▸ EXERCISE: Pictures excluded, reproduce exactly the lines below from the one with "Property photo 3 of 45" through the one with "Banquets, a pair, Karl", both included.

▸ RECORDS SHOWN:
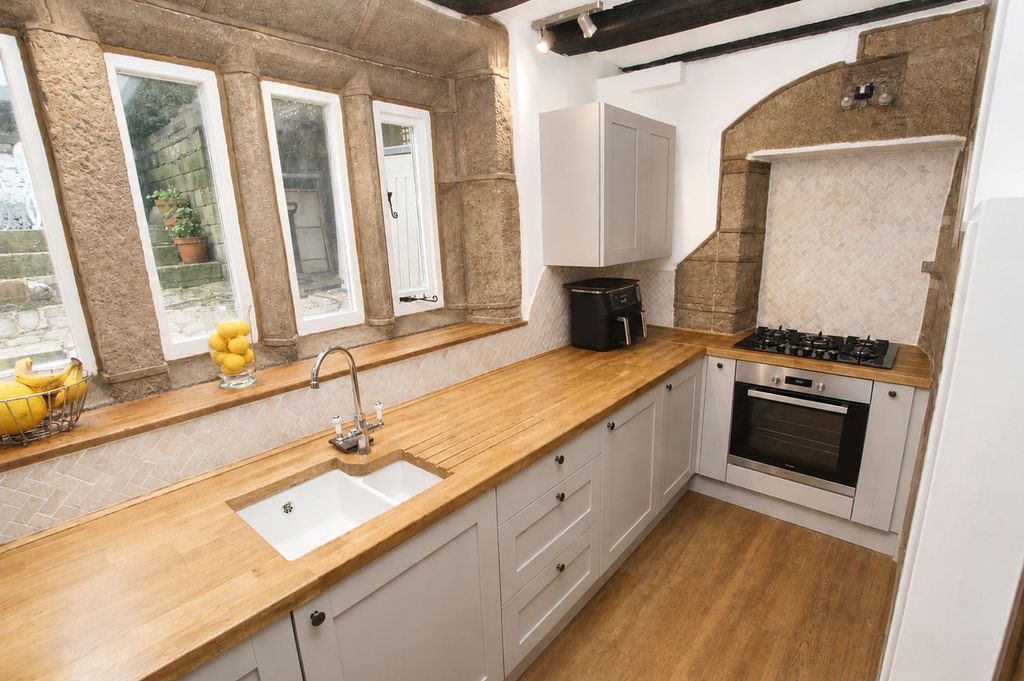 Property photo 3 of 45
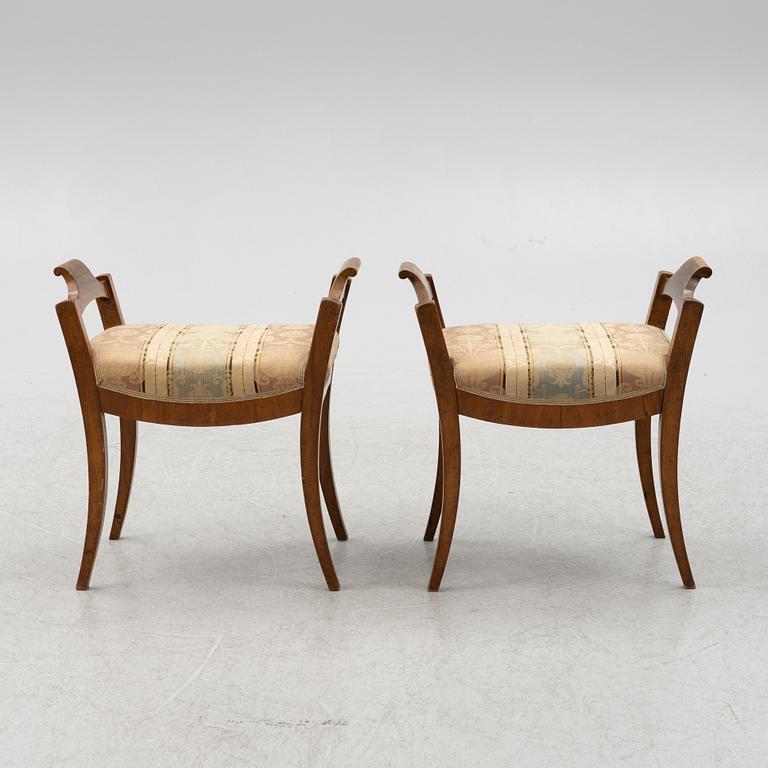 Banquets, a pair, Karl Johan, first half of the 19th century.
---
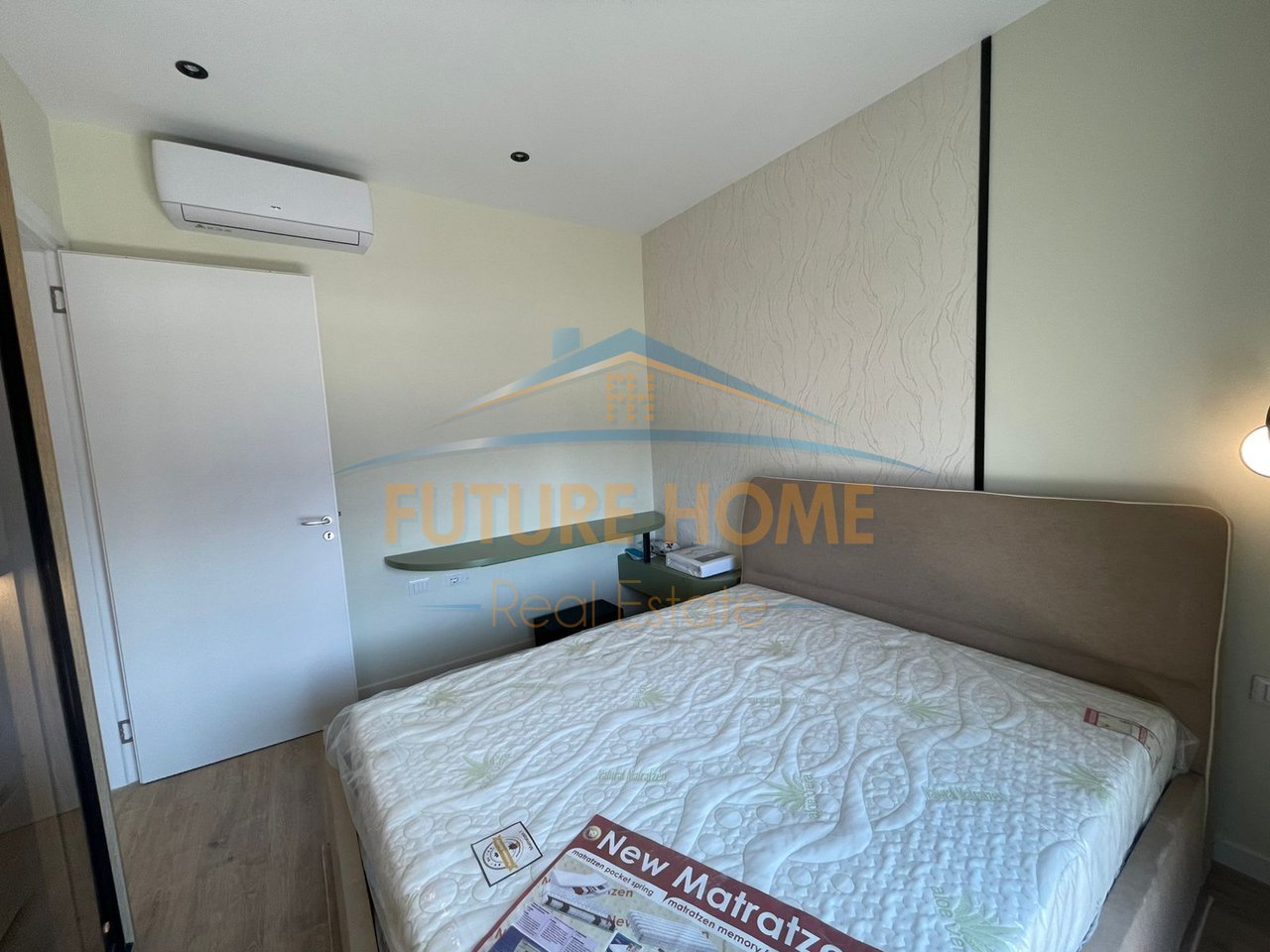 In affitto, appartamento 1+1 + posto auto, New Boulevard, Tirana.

▸ SOLUTION TO THIS TASK:
 Property photo 3 of 45
 Banquets, a pair, Karl Johan, first half of the 19th century.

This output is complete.